Marcos Giralt Torrente (Madrid, 1968) es dueño de un estilo que se alinea de manera natural en el terreno opuesto a la grandilocuencia. Tal vez por eso sus libros resultan tan reconfortantes y singulares entre la a menudo ciclópea producción literaria en español, en la que imparte tomo a tomo una lección del uso del idioma especialmente provechosa para los que se acercan a la escritura bajo el vapor pseudodivino de una presunta sobredotación. Giralt Torrente escribe con una fluidez que se va expandiendo desde la precisión y la sencillez hasta abarcar una compleja gama de tonalidades, sometiendo la forma a los mandatos de una misión autoimpuesta que hace que la estética se imbrique en una ética del relato que reluce por su honestidad. Casi siempre valiéndose de motivos engañosamente pequeños y cotidianos, que son, por otra parte, los que han acabado por desencadenar algunas de las páginas más brillantes de la literatura; esas historias en las que la anécdota doméstica va cociendo a fuego lento el diamante de lo extraordinario, cuando no filtrando un discurso que acaba por conectar con incertidumbres atemporales y de incumbencia universal. Un compromiso-que no una fórmula- ya ensayado en propuestas como Tiempo de vida (Premio Nacional de Narrativa) y que ahora exhibe a cara descubierta su engranaje con Algún día seré recuerdo (Anagrama), libro de misceláneas en el que se mezclan conferencias, artículos de opinión, crónicas, semblanzas familiares -Marcos Giralt es nieto de Torrente Ballester e hijo del pintor Juan Giralt- y otros textos inclasificables. Y que afluye con una vasta cantidad de vasos comunicantes, destacando por su coherencia y por un sentido de la unidad que lo hace asemejarse a una novela concebida con un espíritu reposadamente perecquiano y parecido al ensamblaje de un rompecabezas.

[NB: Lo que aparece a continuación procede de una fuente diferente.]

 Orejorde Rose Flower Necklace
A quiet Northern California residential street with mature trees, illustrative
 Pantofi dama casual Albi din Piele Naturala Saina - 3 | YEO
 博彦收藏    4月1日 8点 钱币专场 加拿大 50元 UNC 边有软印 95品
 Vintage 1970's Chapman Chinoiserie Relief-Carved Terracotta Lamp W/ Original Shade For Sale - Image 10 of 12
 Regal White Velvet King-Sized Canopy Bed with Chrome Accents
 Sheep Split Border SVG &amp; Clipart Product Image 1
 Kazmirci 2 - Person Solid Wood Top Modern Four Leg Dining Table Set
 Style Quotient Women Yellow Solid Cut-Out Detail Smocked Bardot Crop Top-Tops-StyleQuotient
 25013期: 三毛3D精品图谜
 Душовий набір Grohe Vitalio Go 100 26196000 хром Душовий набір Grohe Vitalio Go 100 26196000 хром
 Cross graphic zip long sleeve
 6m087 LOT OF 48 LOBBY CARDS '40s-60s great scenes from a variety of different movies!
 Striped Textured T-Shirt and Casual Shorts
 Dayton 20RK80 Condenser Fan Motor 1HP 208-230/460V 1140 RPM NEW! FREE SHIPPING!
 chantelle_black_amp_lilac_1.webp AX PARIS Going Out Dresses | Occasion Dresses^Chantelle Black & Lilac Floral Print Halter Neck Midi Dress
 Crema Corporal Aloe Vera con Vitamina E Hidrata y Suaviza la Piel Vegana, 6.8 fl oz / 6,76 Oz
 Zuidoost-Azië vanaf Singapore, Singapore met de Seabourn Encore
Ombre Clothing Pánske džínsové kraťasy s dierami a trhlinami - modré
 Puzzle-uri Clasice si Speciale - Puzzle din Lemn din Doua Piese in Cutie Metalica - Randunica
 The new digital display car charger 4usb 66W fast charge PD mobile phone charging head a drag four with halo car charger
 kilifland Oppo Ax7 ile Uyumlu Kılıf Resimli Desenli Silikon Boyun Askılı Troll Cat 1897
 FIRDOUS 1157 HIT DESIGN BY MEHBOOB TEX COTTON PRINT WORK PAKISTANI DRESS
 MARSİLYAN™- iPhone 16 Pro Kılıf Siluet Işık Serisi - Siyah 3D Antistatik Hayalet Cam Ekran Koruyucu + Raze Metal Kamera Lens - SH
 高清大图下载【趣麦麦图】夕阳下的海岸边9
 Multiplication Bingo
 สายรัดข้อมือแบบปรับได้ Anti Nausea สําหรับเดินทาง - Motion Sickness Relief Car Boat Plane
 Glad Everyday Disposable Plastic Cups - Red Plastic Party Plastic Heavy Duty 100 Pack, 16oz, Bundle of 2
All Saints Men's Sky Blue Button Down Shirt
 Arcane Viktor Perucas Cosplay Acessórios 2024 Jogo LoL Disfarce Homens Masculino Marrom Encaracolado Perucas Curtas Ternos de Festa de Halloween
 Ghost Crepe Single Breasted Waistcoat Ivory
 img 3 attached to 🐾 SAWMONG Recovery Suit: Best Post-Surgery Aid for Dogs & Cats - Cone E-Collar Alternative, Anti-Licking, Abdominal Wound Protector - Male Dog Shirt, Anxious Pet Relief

Con una galería de personajes que va de Joe Strummer a Kurt Schwitters o Bergamín, Marcos Giralt Torrente da una vuelta de tuerca en este conjunto de piezas a los límites entre la realidad y la ficción, deslizando reflexiones sobre la construcción del propio relato y de la palabra escrita. Y abundando, de paso, con perspicacia y sentido del humor en asuntos tan inagotables como la muerte, la paternidad, las relaciones familiares, la memoria o la creación. Todo ello hilvanándose constantemente en un juego caleidoscópico que el propio autor define como una suerte de autorretrato al trasluz. Quizás también en una clase de cátedra sobre la reivindicación de los llamados géneros fugaces (la prensa, la anotación, el cuaderno) y su maestría en el encaje y el brillo literario de la concreción. Marcos Giralt Torrente, con esta nueva entrega, reconcilia con la magnitud de la literatura supuestamente menor, componiendo, desde la interconexión desmadejada de los textos, un libro al que no le faltan ninguna de las emociones que generalmente conviven detrás de ese biombo- no se olvide, ya de por sí mutante- que es la novela: la franqueza de la confesión, la anécdota, el pensamiento ensayístico e, incluso, por momentos, el arrebato lírico. Mucho más que una simple suma.